Analysts: The Fed does not intend to change its stance on rate hikes



03/07/2022 3:31 AM


US stock markets closed at the end of the week in the red zone. The conflict in Ukraine, imposition of sanctions and counter-sanctions, as well as suspension of operations of a significant number of companies in Russia forced investors to reconsider their forecasts.



Ken Lund
Geopolitical risks are a serious driver for commodity prices. Energy, metal and agricultural commodity prices are hitting all-time records on a daily basis with the start of action in Ukraine.

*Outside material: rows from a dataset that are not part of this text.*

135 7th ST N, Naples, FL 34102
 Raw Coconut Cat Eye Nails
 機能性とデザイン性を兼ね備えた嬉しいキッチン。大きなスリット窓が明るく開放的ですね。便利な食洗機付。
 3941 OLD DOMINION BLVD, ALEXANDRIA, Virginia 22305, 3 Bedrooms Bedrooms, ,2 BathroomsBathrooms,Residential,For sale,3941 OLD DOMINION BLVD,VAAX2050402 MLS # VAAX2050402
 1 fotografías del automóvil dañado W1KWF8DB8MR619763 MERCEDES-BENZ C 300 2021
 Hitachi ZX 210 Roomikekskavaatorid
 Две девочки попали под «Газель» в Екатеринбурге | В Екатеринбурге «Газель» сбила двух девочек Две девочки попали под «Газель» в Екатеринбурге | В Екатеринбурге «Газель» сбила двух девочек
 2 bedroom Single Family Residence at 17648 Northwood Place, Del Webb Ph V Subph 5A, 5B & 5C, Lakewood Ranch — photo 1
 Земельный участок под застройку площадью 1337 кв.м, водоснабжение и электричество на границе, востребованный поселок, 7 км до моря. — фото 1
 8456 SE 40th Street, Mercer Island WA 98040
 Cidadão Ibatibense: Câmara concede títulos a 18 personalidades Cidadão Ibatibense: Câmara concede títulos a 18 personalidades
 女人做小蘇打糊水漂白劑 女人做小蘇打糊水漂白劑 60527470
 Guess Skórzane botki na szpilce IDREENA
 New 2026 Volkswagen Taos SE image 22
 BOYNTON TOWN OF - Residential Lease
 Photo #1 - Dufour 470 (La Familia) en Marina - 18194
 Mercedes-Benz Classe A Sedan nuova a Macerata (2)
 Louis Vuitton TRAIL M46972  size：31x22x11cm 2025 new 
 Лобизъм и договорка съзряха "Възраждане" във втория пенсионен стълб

The Fed intends to follow its tough rhetoric on rate hikes. According to the statements of the regulator's head Jerome Powell, the Fed will promptly respond to changes in economic conditions, the planned rate hike in March is 25 bps. 

After Powell's statements the trend of Treasury yields has turned upwards. However, some macroeconomists have become less conservative about the pace of rate hikes amid a potential global economic slowdown due to geopolitical tensions.

Investors will continue to monitor geopolitics and assess the extent to which European banks are dependent on the Russian financial system.

Important macrostatistics to be released during the week include German retail sales, EU GDP, industrial production in Germany, UK and EU, inflation in China, US, Germany and France, as well as the ECB interest rate decision.